Fernando é um gramático que voltou para a cidade de Medellín depois de muitos anos morando no exterior. A cidade que deixou na infância se apresenta agora como um lugar em que o ódio é sentido até mesmo na chuva que cai raivosa e faz transbordar o lixo do esgoto. Em meio a esse cenário, Fernando, já velho, conhece Alexis, um adolescente que trabalha como sicário, o nome dado para os matadores de aluguel. É Fernando, no entanto, que passa a nos contar os assassinatos cometidos por Alexis. Enquanto os dois caminham a via sacra em que Fernando busca conhecer as mais de cem igrejas católicas de Medellín, muitos vão sendo os mortos no meio do caminho, todos pelas mãos alvas e inocentes de Alexis, o menino anjo de Fernando.

As mortes causadas por Alexis são banais, como todas as mortes em Medellín. Um taxista que não abaixa o volume do rádio, um mendigo folgado, um menininho que desafia o guarda local, uma garçonete que se recusa a servir um café. Todos morrem pelas balas do revólver de Alexis enquanto eles caminham em direção às igrejas. E não há nada a fazer. Ninguém reclama seus mortos, nenhuma polícia aparece para investigá-los. E se segue, então, a caminho da igreja.

É Fernando, no entanto, quem conta os mortos e tenta justificá-los.
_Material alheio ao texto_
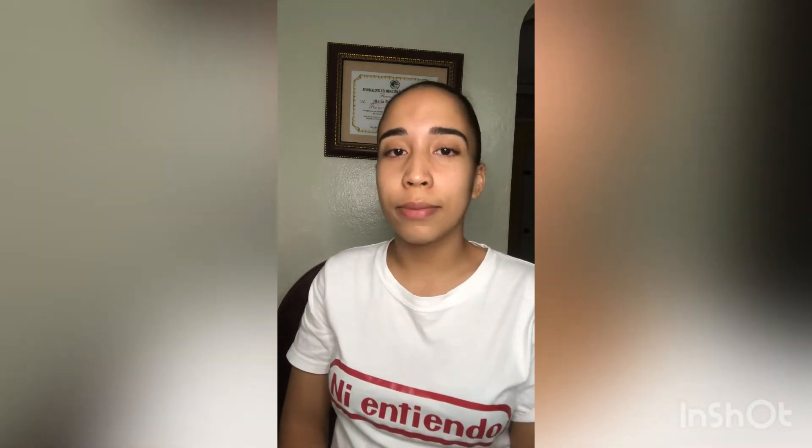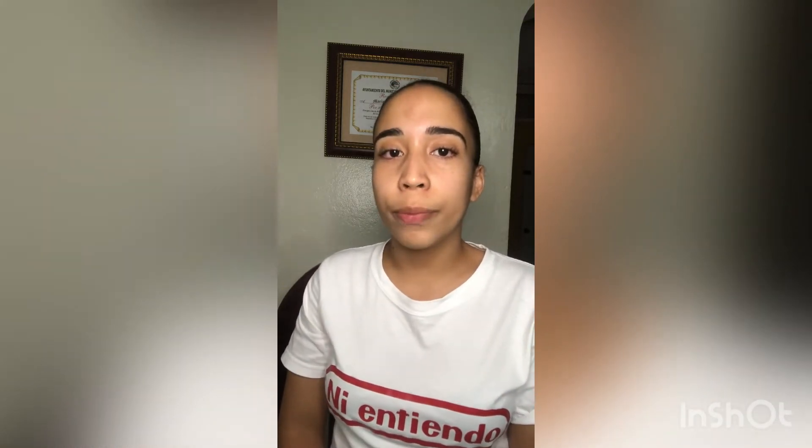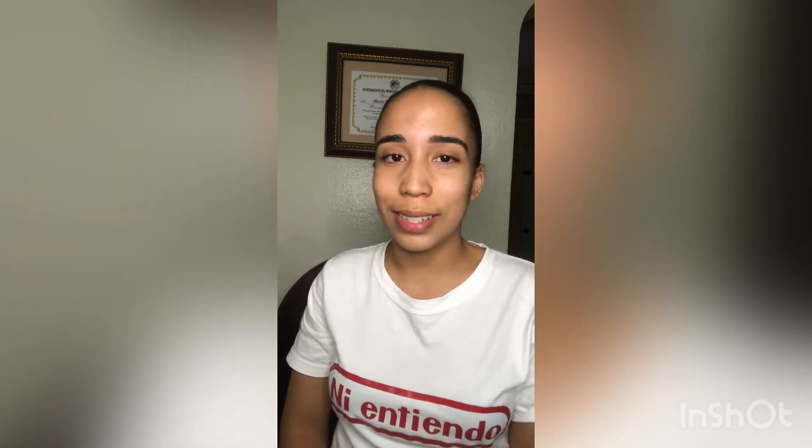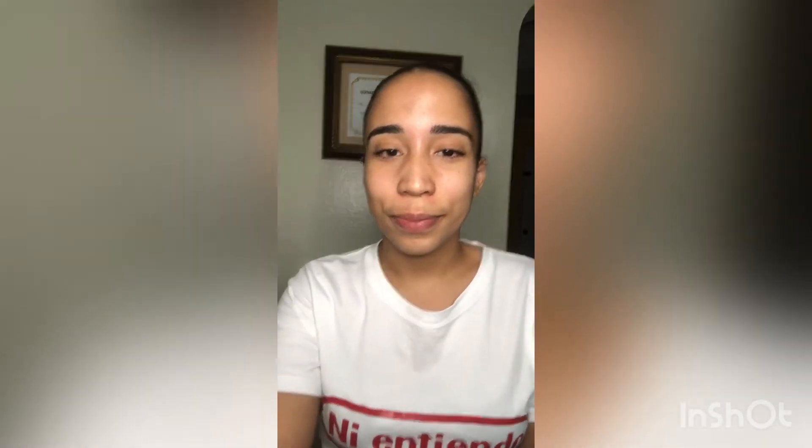Hello friends, my name is Najeli and my classmates and I will be talking about Eratosthenes. Hi guys, today let's talk a little bit about Eratosthenes.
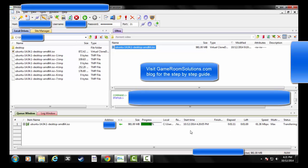So again, go to gameroomsolutions.com. I have a step-by-step on how to do all of this, including setting it up on your Android phone so you can find a torrent file there and automatically add it to your UltraSeedbox.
Alexis não precisa justificar nada, é sua profissão, matar é a única coisa que sabe fazer, não é preciso pensar sobre isso. Mas as justificativas para tanta morte ou tão pouca vida não valem a pena. Morreu porque merecia. Melhor morrer do que viver reclamando. Pelo menos agora o primeiro inferno passou, agora só lhe resta o segundo. E assim Fernando vai nos dizendo que a vida, essa vida humana, vale mesmo muito pouco, e o melhor que se faz a um ser humano é lhe oferecer a morte.

Esse cenário de violência nos é apresentado juntamente com uma miséria completa que ronda Medellín. As comunas, algo como as favelas brasileiras, rodeiam a cidade e a vigiam com seus olhos de morte. Ali a vida vale nada, a morte é o que se espera, a vingança é o que movimenta o cotidiano, e os mortos vão sendo jogados em terrenos baldios em que urubus se encarregam de levar a alma para outro lugar.

Fernando, no entanto, é quem nos conta a história e por meio dele sabemos que poucos sobrevivem e chegam à velhice. Ele é um deles, velho que caminha sobre os mortos de sua cidade. A morte não lhe enlaça e ele vai também contando seus próprios mortos. Morre Alexis, morre Wílmar, morre outro. Sua sina é viver e pensar e tentar justificar aquilo que não ocupa a cabeça dos jovens de Medellín, que trocam a vida por um par de tênis, por um café mal servido.

A narrativa ácida de Fernando nos atinge em cheio. Ao mesmo tempo em que a ironia fina com que justifica as mortes nos prende na narrativa, as mortes contadas aos quilos em cada página nos fazem fechar o livro. O livro é um sufoco, uma falta de ar, uma raiva que contagia, ao mesmo tempo em que clareia um tanto da miséria cotidiana do dia a dia. Ainda bem que o livro é curto e nos livra rapidamente de olhar de frente para a culatra estampada em sua capa.

Resta agora voltar ao noticiário e pensar na nossa realidade cotidiana, na São Paulo contando seus mortos, na culatra que nos assombra e afirma que a vida, também por aqui, vale pouco, muito pouco.